Image-based sequence recognition has lately emerged as a prominent study subject in the science of computer vision, while text detection and identification in natural situations has emerged as an active research field. Based on scene text data, this paper addresses the theory of deep learning-based CRNN and CTPN models and the process of processing text. Using CRNN, text recognition can be turned into a time-dependent sequence learning issue, which is commonly employed for indeterminate-length text sequences. Contextual relationships between text images are learned using BLSTM and CTC, thus effectively improving text recognition accuracy and making the model more robust. It also excels in text recognition tests for wordless and lexical-based scenes, as it is not constrained by any predefined language. It produces a more efficient, but smaller, model that is more suited to real-world settings.
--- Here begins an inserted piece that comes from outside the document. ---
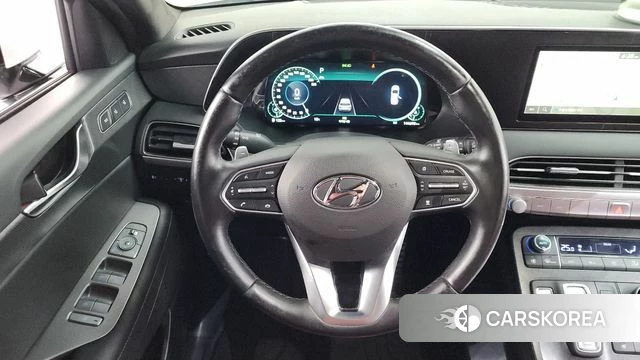 Hyundai Palisade 2021 Белый из Кореи, фото 4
CRNN recognition accuracy is lower for short texts with large morphological changes, such as artistic words, or texts with large changes in natural scenes. Because of the Anchor setting, CTPN can only detect horizontally distributed text, but a small improvement can detect vertical text by adding horizontal Anchor. As a result of the limitations of the framework, the irregularly inclined text can be detected very broadly.
基于CRNN和CTPN模型的场景文本序列识别
基于图像的序列识别是近年来计算机视觉科学的一个重要研究课题,而自然情况下的文本检测和识别是一个活跃的研究领域。本文以场景文本数据为基础,阐述了基于深度学习的CRNN和CTPN模型的理论和文本处理过程。使用CRNN,文本识别可以转化为一个时间依赖的序列学习问题,这通常用于不确定长度的文本序列。利用BLSTM和CTC学习文本图像之间的上下文关系,有效地提高了文本识别的准确率,增强了模型的鲁棒性。它在无词和基于词汇的场景的文本识别测试中也表现出色,因为它不受任何预定义语言的约束。它产生了一个更高效,但更小的模型,更适合现实世界的设置。对于形态变化较大的短文本,如艺术词汇,或自然场景中变化较大的文本,CRNN识别准确率较低。由于锚的设置,CTPN只能检测水平分布的文本,但通过添加水平锚,可以检测垂直文本。由于框架的限制,不规则倾斜文本的检测范围很广。
本文章由计算机程序翻译,如有差异,请以英文原文为准。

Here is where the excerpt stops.